There is no doubt, then, that I am trying to manipulate my interlocutor with good humor. And it may very well work…

In Psychology of social manipulation and submission, Nicolas Guégen exposes different processes which have the power to influence us. It is clear that kindness can apply to many of them. Let’s think about the principle of reciprocity. It is documented: if someone does us a favor, we feel a duty to do them a favor in turn. Do you want someone to be accountable to you? Give him gentle attention. “The technique consists of putting the manipulated person in the position of creditor vis-à-vis his interlocutor,” writes the professor of social psychology at the University of South Brittany.

(Request and receivablesthis is an excellent essay title, if you were looking for one…)

Nicolas Guégen also writes that “the simple attribution of a positive trait to a person is enough to obtain from them more submission to a request”. In short, we tend to be more accommodating when our ego is flattered.

The author notes that this is the reason why many fundraising campaigns use phrases like “You are generous” or “We are counting on your generosity”.

Even a simple smile can lead to a change in behavior! Research shows that not only do we think a smiling person is likely nice, but their facial expression also affects our mood. “These two factors […] could explain why smiling leads us to respond more easily to the requests of others,” writes Nicolas Guégen.

And if you are wondering which face allows you to deploy your full influence, know that according to research by Otta, Abrosio and Leneberg-Hoshino (1996), “the wider the smile, the more the target is evaluated positively in terms of kindness”… Show your teeth, then.

The question now is: is it necessarily evil to encourage someone to find us? smatte ? It all depends on the intention, I suppose.

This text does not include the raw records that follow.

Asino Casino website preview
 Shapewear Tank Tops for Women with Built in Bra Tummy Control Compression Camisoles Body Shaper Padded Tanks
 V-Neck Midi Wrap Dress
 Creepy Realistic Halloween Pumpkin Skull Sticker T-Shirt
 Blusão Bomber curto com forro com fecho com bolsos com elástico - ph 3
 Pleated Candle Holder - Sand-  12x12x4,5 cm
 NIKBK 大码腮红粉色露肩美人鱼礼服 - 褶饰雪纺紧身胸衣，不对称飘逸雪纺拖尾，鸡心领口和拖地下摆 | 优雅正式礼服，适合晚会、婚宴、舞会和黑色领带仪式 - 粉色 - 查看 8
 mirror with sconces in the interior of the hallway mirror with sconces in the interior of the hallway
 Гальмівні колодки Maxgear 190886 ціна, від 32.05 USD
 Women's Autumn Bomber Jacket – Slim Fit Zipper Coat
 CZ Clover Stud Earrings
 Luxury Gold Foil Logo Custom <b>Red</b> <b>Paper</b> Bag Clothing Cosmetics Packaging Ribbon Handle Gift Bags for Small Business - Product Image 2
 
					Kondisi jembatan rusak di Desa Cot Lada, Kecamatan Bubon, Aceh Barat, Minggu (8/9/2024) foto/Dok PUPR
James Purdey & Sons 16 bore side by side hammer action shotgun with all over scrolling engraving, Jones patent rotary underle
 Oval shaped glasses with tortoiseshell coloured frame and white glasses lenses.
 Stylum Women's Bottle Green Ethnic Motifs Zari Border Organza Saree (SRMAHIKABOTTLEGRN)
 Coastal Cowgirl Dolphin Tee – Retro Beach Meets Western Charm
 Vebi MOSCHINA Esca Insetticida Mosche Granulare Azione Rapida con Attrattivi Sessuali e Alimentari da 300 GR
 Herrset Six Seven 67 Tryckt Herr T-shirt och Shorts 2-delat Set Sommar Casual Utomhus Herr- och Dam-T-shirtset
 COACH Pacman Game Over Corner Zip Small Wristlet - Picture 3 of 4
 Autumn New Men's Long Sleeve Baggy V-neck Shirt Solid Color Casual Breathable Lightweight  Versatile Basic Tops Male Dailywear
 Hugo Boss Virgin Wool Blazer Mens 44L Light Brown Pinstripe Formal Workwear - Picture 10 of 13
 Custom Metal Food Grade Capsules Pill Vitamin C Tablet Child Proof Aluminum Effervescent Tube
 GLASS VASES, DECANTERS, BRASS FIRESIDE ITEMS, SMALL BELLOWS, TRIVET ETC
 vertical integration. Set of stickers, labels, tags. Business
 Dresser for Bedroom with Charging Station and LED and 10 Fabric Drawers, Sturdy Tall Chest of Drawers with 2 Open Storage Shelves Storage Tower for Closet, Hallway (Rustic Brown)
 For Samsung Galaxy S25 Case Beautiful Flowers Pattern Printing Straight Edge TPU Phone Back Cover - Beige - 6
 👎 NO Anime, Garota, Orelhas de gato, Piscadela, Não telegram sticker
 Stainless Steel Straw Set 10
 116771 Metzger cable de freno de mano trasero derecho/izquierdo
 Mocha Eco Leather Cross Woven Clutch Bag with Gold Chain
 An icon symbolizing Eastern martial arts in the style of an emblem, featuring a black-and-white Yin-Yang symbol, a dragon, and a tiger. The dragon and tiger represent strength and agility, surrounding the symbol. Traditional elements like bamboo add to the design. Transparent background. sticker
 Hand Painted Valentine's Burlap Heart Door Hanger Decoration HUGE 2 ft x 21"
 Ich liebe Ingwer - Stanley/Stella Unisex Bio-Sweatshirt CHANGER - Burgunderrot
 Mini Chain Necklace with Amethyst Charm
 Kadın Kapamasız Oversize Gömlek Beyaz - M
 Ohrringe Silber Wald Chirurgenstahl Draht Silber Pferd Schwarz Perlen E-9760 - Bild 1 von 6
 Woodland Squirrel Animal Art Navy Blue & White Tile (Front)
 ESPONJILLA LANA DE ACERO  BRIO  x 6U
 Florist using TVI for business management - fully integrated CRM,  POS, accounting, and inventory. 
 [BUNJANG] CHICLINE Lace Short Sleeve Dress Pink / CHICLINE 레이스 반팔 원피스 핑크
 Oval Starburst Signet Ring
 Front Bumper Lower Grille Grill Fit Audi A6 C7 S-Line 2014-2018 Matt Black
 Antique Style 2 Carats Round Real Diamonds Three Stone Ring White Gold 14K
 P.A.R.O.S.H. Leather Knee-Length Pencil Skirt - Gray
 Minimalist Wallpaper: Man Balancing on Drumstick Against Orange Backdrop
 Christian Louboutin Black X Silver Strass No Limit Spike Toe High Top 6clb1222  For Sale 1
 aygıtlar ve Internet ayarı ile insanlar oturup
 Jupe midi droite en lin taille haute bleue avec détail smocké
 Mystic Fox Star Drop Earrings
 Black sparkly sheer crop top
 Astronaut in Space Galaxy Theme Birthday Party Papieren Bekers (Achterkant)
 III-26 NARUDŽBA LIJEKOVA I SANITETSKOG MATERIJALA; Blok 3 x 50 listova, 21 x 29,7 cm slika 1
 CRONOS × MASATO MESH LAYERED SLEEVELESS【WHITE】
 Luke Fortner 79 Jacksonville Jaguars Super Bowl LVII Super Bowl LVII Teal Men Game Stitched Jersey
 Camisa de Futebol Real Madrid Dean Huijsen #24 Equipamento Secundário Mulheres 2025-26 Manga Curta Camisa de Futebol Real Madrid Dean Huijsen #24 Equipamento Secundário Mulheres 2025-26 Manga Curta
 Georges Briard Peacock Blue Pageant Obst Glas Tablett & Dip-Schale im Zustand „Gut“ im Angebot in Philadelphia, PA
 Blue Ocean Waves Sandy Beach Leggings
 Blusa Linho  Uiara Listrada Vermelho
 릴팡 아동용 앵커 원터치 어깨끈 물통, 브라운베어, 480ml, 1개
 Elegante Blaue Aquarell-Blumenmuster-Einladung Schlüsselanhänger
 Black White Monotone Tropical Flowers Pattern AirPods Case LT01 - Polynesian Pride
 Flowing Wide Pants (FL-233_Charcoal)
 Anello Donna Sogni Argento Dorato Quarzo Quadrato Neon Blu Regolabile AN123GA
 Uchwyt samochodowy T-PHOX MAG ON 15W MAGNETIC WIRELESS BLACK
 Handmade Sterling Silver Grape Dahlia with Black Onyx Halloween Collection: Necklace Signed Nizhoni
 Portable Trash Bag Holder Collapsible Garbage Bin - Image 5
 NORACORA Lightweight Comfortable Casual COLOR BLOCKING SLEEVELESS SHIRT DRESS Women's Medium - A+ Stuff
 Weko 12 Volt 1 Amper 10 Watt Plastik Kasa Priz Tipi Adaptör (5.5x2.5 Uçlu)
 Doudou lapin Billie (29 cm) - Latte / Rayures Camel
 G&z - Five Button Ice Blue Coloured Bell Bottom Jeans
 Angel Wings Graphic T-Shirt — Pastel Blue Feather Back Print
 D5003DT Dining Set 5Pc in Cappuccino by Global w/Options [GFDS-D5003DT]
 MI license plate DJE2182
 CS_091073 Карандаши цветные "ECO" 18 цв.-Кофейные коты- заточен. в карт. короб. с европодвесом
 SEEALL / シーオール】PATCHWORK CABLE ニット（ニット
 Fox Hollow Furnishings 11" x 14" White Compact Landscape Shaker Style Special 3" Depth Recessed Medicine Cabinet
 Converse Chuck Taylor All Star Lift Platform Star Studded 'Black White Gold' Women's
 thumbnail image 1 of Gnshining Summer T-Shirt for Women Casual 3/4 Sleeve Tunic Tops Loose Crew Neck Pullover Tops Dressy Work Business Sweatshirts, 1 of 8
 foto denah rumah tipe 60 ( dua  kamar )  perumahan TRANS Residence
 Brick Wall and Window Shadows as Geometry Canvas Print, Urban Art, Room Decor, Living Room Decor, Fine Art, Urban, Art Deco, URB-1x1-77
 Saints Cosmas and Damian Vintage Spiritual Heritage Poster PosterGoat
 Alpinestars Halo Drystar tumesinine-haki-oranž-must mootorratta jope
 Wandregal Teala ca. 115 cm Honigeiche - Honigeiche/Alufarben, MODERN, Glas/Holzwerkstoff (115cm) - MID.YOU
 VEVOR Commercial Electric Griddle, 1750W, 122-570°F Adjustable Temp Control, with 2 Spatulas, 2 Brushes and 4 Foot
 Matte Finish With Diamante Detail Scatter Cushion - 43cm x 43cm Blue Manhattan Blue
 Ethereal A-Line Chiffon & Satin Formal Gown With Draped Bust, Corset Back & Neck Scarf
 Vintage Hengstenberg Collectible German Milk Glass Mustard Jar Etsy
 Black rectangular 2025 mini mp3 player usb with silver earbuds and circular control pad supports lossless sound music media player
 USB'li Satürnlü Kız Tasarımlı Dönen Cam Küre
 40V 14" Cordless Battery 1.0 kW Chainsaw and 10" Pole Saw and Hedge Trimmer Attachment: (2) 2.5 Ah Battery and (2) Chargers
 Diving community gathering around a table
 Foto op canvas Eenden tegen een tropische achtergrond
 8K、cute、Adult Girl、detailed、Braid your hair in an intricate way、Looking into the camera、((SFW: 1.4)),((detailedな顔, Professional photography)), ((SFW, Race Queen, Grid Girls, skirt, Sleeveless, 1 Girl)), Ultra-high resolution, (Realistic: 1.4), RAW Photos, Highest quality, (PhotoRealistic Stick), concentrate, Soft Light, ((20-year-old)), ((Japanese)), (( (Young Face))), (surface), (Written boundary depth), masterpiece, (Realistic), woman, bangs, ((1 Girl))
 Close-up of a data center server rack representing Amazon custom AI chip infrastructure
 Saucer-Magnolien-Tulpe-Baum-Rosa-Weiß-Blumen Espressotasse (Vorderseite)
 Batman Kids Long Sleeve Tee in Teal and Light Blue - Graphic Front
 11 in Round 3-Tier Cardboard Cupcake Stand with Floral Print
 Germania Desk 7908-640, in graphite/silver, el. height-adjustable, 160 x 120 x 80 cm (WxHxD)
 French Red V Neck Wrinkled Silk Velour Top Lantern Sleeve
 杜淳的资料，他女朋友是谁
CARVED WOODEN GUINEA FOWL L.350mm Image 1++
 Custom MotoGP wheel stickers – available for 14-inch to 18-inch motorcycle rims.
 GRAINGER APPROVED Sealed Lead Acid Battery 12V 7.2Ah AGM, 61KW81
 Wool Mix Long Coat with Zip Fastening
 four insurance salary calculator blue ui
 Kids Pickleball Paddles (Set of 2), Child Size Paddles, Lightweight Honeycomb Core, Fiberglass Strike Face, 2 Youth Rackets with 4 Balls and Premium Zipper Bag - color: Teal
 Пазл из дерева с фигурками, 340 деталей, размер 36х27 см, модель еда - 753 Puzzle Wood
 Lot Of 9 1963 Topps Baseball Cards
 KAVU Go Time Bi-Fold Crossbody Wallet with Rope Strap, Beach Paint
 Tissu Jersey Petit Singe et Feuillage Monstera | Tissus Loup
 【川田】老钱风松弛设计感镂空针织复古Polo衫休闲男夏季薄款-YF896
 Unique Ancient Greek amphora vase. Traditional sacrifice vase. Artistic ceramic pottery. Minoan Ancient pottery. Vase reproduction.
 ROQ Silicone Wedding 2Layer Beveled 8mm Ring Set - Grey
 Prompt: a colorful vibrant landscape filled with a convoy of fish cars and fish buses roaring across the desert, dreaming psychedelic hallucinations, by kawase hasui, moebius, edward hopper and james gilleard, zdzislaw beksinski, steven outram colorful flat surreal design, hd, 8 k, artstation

In the work Psychology of manipulation, published by Éditions Sciences Humaines in March 2023, doctor of management sciences Benoît Heilbrunn notes that there are 1001 ways to change someone’s mind and that some – such as the use of arguments – are ethical . If manipulation disturbs us, it is because it “is based on dissimulation as opposed to argumentation,” the author believes. The appeal to emotions inevitably calls for recourse to seduction and therefore the idea of ​​deception, even betrayal.”

False kindness is deception. Should we blame someone who smiles brightly to extract a few extra pennies from us in a fundraising campaign? I do not believe that.

But should we be wary of a boss who does us a favor to stimulate our commitment, a person who flatters our ego to inflate his tip or a girl whom we find vaguely stupid and who compliments us in the hope that we regret our judgments?

It’s more open to interpretation.

Still, if to live is to die a little, I prefer that it is through kindness that someone weakens me.